## EXERCISE DETAILS
Each line that contains the string "Ford" counts once; report how many such lines appear in the data, as a number only.

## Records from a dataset
%%

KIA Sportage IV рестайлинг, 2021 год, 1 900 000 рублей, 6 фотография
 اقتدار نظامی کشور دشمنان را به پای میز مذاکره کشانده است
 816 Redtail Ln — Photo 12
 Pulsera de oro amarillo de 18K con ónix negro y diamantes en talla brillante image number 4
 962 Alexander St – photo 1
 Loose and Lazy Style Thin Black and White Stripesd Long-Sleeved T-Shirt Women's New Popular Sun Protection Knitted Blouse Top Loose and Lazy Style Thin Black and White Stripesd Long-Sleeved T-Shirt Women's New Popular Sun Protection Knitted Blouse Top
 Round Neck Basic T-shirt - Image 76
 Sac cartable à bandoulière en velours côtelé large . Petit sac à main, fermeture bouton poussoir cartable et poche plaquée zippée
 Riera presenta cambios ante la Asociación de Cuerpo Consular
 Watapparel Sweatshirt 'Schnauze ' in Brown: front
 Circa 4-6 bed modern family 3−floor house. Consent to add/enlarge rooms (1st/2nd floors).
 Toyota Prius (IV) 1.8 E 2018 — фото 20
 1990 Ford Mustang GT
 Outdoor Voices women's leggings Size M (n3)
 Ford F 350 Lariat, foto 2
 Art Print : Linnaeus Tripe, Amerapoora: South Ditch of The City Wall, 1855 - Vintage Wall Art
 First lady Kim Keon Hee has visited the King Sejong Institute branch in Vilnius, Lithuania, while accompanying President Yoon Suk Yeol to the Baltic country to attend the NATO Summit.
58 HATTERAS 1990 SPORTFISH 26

%%

## ANSWER TO THIS EXERCISE
2